# Differences between 028 and 028 Super?



## machinisttx (Dec 13, 2013)

I know the Super has more displacement, any other major parts differences?


----------



## windthrown (Dec 14, 2013)

There are 3 flavors of the 028 (they are all listed at 14.3 lb. w/B&C, and 12.6 lb. w/o)

Stihl 028 WB 3.2 HP
Stihl 028 AV/AVQ 3.5 HP
Stihl 028 Super 3.8 HP

Other than the P&C, they are similar, except the AVQ is a different in terms of the oiler and brakes. The early 028s also had points in the ignition.


----------



## moody (Dec 14, 2013)

Does someone have the bore sizes of the 028 laying around?


----------



## SEAM (Dec 14, 2013)

There were two Super displacements: 48 and 52 cc. And it seems like there was a third, 61.5 cc:




...possibly only sold over here to finish up stocked parts?


----------



## VINIFIREWOOD (Dec 14, 2013)

Link
http://www.getsaws.com/S_specs.html


----------



## MnSam (Dec 14, 2013)

moody said:


> Does someone have the bore sizes of the 028 laying around?



42, 44, 46mm

The 42 and 44 varieties were the non-supers, 46 being the super p/c.
The 46 p/c is a direct bolt on replacement for the 44. Not so the case if you have a 42 p/c, some on here have done it but it takes a lot of work IRC.


----------



## MnSam (Dec 14, 2013)

VINIFIREWOOD said:


> Link
> http://www.getsaws.com/S_specs.html



Beat me to it. Great link too.


----------



## SawTroll (Dec 14, 2013)

windthrown said:


> There are 3 flavors of the 028 (they are all listed at 14.3 lb., which is kind'a heavy)
> 
> Stihl 028 WB 3.2 HP
> Stihl 028 AV/AVQ 3.5 HP
> ...



I wonder where you have those fantacy numbers from?

My trusty ol' Stihl info tells me;

43cc (original 1977 version) - 2.8 hp
All 47.1cc versions - 3.0 hp
All Super versions (51.4cc) - 3.4 hp.


----------



## SawTroll (Dec 14, 2013)

SEAM said:


> There were two Super displacements: 48 and 52 cc.

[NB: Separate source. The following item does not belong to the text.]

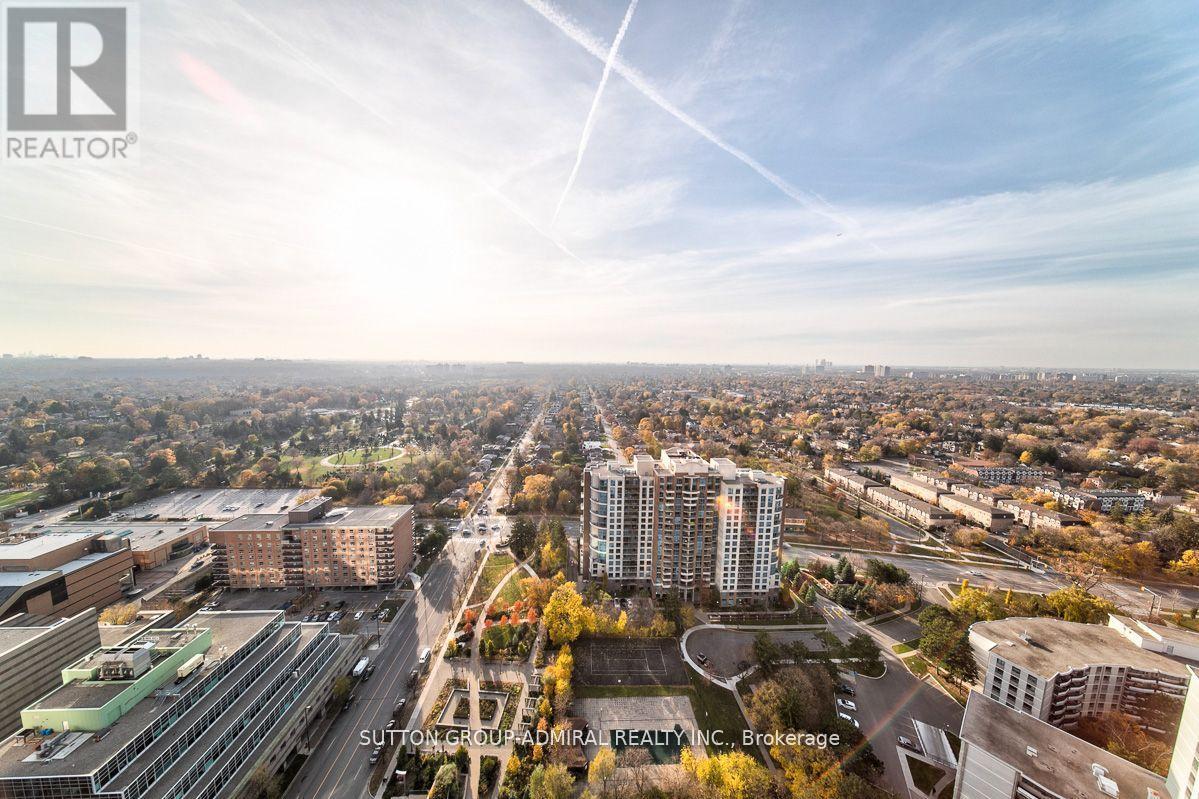 3703 - 5162 Yonge Street, Toronto, Ontario  M2N 0E9 - Photo 26 - C12633398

And it seems like there was a third, 61.5 cc:
> 
> 
> 
> ...



That has to be a misprint for 51.5.....


----------



## kyle.kipple (Dec 14, 2013)

i WISH my super was 61.5 love that slow heavy turd!! nice misprint.


----------



## PA Dan (Dec 14, 2013)

kyle.kipple said:


> i WISH my super was 61.5 love that slow heavy turd!! nice misprint.


Wouldn't that be nice!

Sent from my SCH-I535 using Tapatalk


----------



## machinisttx (Dec 14, 2013)

windthrown said:


> There are 3 flavors of the 028 (they are all listed at 14.3 lb., which is kind'a heavy)
> 
> Stihl 028 WB 3.2 HP
> Stihl 028 AV/AVQ 3.5 HP
> ...



I have one of the early all mag 028WB's that needs a rebuild. Points ignition. I'm assuming it's the smaller 42mm bore. I also picked up a later model 028AV with quickstop(not sure of the difference between AV and AVQ?). Electronic ignition and quickstop? This one should be 44mm bore, correct?


MnSam said:


> 42, 44, 46mm
> 
> The 42 and 44 varieties were the non-supers, 46 being the super p/c.
> The 46 p/c is a direct bolt on replacement for the 44. Not so the case if you have a 42 p/c, some on here have done it but it takes a lot of work IRC.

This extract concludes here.